Home to 25 sworn police officers, 21 reserve officers and three civilian staff members, the RFPD was finally able to escape the “maze,” which is what some officers had labeled the building at 125 East Elm St. Completed on April 1, the move addressed the long-standing need for an upgrade of the police station’s resources, chiefly its need for more space.
The new facility provides nearly twice as much space as the previous one, standing at 27,000 square feet. The acquisition price for the building was $1.5 million, and the cost of the renovations totaled $3 million, making the total for the relocation $4.5 million.
Originally, the city council approved $7.5 million for the construction of a new facility in 2018, but the decision to pivot and purchase the old RiverTown Multimedia Corporation building in 2019 ended up saving the city $3 million. The former downtown building on Elm Street remains vacant as it awaits a new tenant.
“It was a no-brainer,” said Mayor Dan Toland.
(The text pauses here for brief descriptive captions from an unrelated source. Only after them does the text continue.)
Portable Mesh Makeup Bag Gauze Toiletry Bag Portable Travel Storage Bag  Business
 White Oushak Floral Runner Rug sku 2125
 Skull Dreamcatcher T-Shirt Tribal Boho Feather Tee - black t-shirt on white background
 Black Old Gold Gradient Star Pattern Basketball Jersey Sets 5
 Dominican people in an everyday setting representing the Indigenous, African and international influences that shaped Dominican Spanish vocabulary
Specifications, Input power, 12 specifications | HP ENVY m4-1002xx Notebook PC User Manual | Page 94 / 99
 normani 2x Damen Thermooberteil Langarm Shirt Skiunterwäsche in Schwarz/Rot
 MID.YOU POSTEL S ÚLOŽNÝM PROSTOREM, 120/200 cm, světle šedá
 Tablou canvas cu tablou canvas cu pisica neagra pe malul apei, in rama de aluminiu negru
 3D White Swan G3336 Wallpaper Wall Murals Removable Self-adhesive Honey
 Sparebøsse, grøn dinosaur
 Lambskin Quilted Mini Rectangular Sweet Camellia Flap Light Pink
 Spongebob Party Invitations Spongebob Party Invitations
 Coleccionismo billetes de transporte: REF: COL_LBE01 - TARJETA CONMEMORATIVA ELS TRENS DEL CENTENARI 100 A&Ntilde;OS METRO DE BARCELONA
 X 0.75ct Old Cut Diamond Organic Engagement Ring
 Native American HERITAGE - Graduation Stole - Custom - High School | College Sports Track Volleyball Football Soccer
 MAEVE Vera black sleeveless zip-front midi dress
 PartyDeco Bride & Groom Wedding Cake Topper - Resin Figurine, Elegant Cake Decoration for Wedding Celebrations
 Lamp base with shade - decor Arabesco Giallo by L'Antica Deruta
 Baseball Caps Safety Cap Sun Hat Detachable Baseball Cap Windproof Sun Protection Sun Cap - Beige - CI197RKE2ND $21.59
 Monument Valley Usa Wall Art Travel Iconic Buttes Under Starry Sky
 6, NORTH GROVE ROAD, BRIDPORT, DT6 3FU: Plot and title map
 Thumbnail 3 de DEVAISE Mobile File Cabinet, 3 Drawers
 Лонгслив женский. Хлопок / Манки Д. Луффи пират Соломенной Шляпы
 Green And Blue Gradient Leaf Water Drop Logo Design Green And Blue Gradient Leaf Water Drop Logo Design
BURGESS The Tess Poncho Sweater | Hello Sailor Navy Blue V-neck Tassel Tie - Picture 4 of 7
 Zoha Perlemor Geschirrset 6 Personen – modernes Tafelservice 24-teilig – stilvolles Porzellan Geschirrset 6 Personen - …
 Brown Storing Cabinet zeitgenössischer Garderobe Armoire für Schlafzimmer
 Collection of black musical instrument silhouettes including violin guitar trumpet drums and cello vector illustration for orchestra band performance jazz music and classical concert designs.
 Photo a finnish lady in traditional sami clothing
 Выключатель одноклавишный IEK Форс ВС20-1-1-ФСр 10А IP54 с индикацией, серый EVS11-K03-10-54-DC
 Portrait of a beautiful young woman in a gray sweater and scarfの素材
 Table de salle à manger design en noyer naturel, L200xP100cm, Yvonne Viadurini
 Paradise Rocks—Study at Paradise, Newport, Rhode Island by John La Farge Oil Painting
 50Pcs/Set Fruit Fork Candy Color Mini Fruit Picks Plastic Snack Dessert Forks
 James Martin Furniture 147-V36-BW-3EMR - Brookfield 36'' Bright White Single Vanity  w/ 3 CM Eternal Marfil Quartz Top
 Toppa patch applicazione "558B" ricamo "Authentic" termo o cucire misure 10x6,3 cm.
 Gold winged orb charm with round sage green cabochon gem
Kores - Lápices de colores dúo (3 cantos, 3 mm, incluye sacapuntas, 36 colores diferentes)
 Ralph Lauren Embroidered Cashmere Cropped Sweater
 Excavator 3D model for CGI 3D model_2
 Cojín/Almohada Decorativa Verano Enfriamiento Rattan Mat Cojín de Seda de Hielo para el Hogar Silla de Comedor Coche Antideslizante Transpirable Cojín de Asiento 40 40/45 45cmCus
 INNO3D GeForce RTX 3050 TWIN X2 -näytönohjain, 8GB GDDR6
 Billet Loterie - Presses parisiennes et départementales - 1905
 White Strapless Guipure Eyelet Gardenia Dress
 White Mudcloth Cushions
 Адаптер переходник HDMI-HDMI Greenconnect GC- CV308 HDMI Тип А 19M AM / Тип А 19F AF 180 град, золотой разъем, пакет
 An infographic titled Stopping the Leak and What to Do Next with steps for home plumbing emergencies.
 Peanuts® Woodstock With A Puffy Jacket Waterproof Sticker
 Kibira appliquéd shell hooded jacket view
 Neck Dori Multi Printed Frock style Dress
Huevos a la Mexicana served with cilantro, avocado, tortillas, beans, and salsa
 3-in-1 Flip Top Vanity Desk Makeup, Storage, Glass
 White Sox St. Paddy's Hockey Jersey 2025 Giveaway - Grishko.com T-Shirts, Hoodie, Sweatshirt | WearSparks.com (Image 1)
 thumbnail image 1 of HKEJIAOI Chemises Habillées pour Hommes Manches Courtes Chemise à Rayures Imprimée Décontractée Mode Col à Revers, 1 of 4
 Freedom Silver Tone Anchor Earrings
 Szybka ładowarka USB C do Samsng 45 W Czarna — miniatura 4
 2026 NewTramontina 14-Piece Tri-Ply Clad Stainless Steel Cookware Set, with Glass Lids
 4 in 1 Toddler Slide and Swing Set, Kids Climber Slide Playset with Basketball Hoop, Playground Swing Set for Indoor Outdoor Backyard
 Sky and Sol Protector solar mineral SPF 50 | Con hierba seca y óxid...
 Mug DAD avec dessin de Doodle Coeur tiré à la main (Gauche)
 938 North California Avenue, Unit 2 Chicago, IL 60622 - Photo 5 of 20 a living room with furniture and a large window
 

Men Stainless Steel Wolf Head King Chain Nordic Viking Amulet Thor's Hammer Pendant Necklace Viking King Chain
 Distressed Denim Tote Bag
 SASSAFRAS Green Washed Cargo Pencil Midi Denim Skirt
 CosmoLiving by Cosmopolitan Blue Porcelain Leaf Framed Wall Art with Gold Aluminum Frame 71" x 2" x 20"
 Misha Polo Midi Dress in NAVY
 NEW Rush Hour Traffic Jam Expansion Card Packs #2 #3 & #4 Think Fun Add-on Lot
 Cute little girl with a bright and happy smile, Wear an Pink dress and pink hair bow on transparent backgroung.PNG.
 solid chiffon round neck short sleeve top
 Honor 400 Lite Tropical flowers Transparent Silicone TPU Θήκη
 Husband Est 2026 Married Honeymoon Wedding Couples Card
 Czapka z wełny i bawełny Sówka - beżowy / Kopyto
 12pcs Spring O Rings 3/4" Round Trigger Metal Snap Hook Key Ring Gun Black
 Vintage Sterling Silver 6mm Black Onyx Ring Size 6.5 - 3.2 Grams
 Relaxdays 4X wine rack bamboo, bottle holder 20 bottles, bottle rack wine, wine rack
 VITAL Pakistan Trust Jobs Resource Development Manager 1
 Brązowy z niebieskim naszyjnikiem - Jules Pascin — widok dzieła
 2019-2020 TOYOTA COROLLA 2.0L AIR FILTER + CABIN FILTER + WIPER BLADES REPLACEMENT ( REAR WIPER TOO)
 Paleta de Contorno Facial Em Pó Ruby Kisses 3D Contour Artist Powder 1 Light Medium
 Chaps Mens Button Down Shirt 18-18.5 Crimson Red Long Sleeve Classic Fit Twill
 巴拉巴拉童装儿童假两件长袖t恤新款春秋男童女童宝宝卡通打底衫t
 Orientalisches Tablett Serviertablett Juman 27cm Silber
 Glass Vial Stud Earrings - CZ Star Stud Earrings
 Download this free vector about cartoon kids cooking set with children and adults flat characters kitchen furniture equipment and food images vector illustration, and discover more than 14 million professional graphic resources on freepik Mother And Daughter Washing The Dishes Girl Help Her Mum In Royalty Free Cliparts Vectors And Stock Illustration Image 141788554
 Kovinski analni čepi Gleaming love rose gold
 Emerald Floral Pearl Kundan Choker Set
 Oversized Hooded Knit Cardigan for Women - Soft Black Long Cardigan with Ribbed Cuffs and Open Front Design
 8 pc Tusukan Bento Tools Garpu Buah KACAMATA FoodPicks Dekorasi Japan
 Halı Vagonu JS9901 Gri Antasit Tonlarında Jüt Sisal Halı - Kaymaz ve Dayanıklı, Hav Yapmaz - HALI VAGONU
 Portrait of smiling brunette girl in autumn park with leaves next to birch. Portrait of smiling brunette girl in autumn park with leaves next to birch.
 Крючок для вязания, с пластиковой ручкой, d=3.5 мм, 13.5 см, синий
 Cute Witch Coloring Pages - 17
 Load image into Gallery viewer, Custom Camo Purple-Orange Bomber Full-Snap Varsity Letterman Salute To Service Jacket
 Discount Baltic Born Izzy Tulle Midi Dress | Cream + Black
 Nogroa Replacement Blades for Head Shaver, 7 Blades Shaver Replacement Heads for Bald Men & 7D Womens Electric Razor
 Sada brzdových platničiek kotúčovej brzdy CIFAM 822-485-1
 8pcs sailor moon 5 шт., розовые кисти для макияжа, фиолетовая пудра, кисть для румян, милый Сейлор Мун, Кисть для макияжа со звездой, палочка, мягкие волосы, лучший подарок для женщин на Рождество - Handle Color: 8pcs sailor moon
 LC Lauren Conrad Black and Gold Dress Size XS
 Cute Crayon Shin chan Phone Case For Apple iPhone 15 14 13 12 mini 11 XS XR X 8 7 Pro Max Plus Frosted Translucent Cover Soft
Aside from the dramatic increase in operating space, which Young referred to as a “night and day difference,” there was also a consolidation of the department’s records management system. Now, all of RFPD’s records are filed electronically, which is a method that has been adopted by the entirety of St. Croix County’s police departments. Young credited RFPD’s information technology department for relocating the station’s equipment, as well as setting up the new records management system, calling it “instrumental.” Other new amenities in the repurposed facility include new microphones, speakers and an Emergency Operations and Training Center. Young said that the facility is now capable of hosting regional training sessions.
The city of River Falls has been experiencing steady growth, a reality that both Young and Toland acknowledged as rationale for why the relocation of the police station was a priority. This expansion was certainly accounted for, as Young said that the new station has “space for growth for decades.”